Why do bakkies for Africa differ from European models?

Alarming differences in the safety of two Nissan bakkies, one available in Africa and the other produced for the European market, have been exposed in a first-of-its-kind car-to-car crash test by the Global New Car Assessment Programme (NCAP).

The results have prompted Global NCAP, the Automobile Association of South Africa (AA) and the FIA Foundation in the UK to question whether there are double standards for vehicles in the African and European markets.

Read: Is your vehicle road safe?

The FIA Foundation is an independent registered charity that supports an international programme of activities promoting road safety, the environment and sustainable mobility.

In the test, Global NCAP crashed the 2019 Nissan NP300 Hardbody, the best-selling pick up model in Africa, into a second-hand Nissan Navara NP300 manufactured in Europe in 2015.

Global NCAP CEO and president David Ward said this was a very dramatic car-to-car crash test that uniquely illustrates the double standard.

He added that the difference in crashworthiness is extraordinary.

“The new Nissan Hardbody performs significantly worse than the second-hand Nissan Navara, to the extent that the driver in the new African Nissan would likely have died from their injuries but the driver [in] the second-hand European Nissan would have walked away.

“A new car in Africa is not necessarily a safer car. Second-hand imported cars from regions with tougher regulatory requirements for safety, and environmental performance, can offer consumers much greater protection. ”  

Watch the crash test film here: https://youtu.be/RFt_dA4vZBY.

Responding to a request for comment on the crash test results, Nissan South Africa executive director corporate affairs Wonga Mesatywa said Nissan’s number one priority is the safety of its customers.

“We are committed to the highest safety standards in every single market where we operate, without exception.

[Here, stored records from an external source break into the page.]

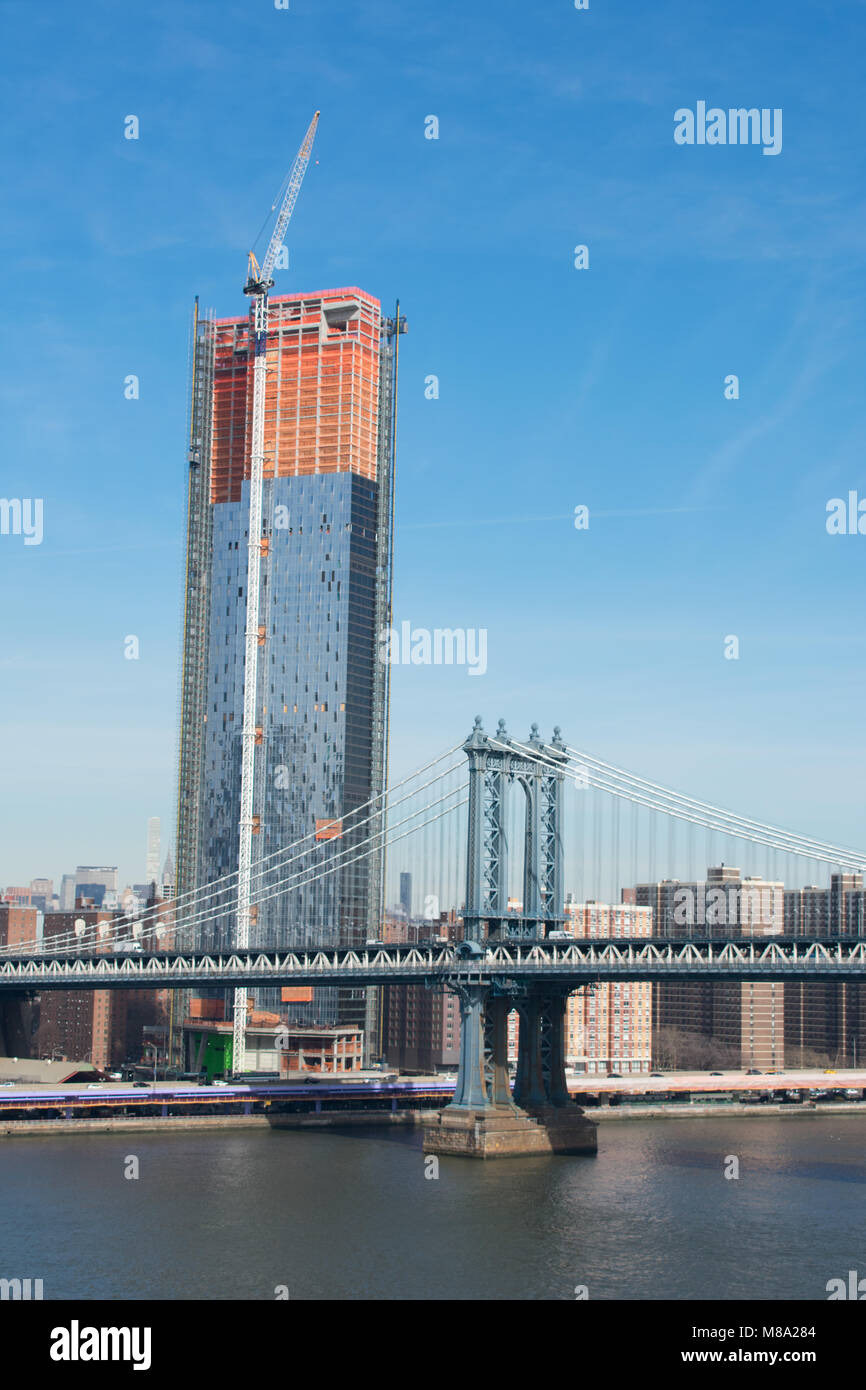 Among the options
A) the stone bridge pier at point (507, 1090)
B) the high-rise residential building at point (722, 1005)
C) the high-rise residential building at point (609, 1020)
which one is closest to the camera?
the stone bridge pier at point (507, 1090)

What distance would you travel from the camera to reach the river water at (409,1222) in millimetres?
45781

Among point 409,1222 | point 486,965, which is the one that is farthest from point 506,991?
point 409,1222

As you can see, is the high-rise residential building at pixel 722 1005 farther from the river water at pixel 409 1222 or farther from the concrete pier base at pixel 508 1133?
the river water at pixel 409 1222

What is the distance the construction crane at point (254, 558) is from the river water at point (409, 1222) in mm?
44529

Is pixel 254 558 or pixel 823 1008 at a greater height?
pixel 254 558

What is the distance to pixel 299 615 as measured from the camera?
419ft

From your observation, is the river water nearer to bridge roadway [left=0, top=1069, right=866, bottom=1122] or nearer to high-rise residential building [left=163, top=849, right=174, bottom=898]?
bridge roadway [left=0, top=1069, right=866, bottom=1122]

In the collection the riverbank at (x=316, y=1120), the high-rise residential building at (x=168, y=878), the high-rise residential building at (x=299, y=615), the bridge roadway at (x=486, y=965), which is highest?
the high-rise residential building at (x=299, y=615)

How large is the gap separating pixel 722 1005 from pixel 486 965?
→ 78.4m

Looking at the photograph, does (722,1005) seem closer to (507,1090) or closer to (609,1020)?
(609,1020)

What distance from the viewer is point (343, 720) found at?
125 metres

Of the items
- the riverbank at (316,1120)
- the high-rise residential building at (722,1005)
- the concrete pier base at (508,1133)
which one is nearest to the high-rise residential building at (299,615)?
the riverbank at (316,1120) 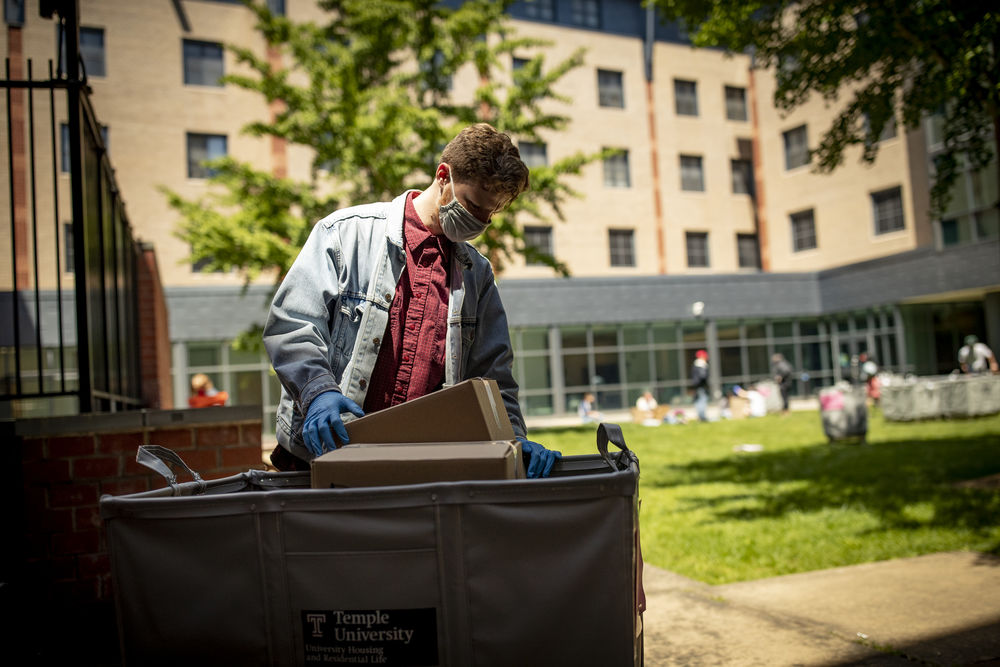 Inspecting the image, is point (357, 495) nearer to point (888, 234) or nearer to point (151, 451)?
point (151, 451)

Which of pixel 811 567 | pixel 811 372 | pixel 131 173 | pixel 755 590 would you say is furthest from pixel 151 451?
pixel 811 372

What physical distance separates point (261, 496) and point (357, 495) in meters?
0.20

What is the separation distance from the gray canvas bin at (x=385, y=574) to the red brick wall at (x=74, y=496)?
6.53 feet

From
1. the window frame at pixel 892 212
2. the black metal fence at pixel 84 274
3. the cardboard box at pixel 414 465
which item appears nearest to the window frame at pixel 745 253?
the window frame at pixel 892 212

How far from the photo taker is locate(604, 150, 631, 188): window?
3147 centimetres

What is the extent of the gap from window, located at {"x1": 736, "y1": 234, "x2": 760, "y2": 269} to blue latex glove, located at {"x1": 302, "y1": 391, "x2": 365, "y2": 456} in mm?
33315

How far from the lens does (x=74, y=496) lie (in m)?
3.46

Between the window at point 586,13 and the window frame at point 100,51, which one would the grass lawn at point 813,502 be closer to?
the window frame at point 100,51

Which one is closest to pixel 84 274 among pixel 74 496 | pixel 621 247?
pixel 74 496

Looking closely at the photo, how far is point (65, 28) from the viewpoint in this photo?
4031mm

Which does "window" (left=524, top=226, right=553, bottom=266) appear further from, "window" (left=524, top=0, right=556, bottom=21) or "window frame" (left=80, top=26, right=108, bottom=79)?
"window frame" (left=80, top=26, right=108, bottom=79)

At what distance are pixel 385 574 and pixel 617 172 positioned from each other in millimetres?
31263

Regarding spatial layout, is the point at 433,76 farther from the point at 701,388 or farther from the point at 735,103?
the point at 735,103

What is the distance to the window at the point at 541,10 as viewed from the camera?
31.1 m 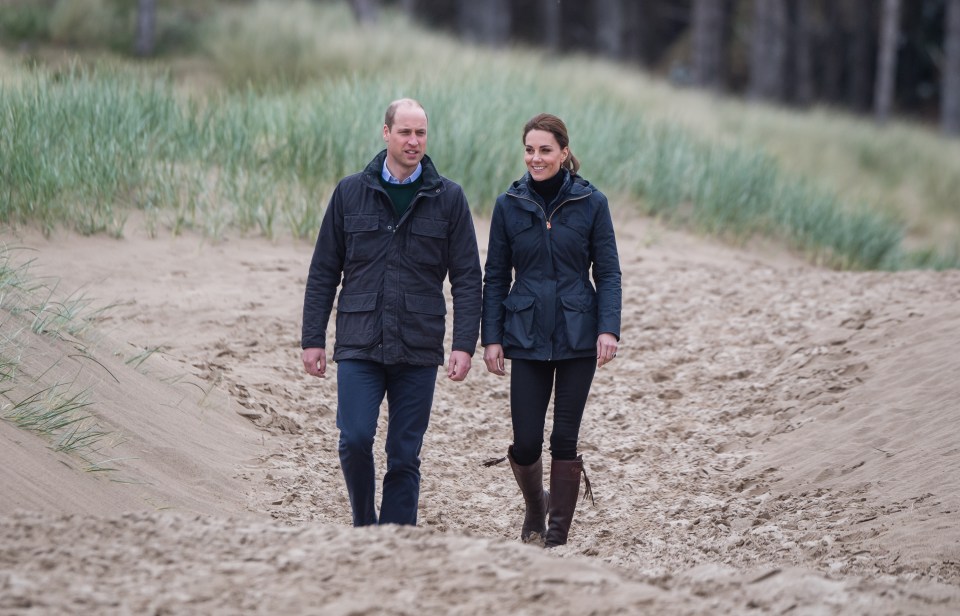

“The locally produced NP300 Hardbody meets all safety regulations within Africa, where it has built a strong reputation over many years for reliability and customer satisfaction.

“Nissan continues to introduce advanced safety technologies and features into our global product range, including Africa, and we actively encourage and support  advancements in safety regulations and requirements for the benefit of our customers,” he said.

A matter of life and death

But Global NCAP said the difference in safety performance between the new African model and the second-hand European version is a matter of life and death.

It said the crash test dummy driver in the new African Nissan will have likely sustained fatal injuries while the driver of the equivalent second-hand European model would have likely walked away from the crash. Global NCAP said the second-hand European car is fitted with the lifesaving crash avoidance anti-skid system, Electronic Stability Control (ESC), while the new African version is not fitted with these systems.

The results of the test were released to coincide with this week’s 3rd Global Ministerial Conference on Road Safety in Sweden, where both of the crashed vehicles will be on public display as part of the ‘People’s Exhibition’ in Stockholm Central Railway Station.

Zeroes stars for safety

The Nissan NP300 was previously tested by Global NCAP in 2018 as part of the #SaferCarsForAfrica campaign and received a zero-star safety rating.

The vehicle structure collapsed and was found to be unstable during the test, with Global NCAP stating that the high forces placed on the crash test dummy pose a significant risk of fatal injury. 

The NP300’s bodyshell was so unstable that the airbags were ineffective, it said.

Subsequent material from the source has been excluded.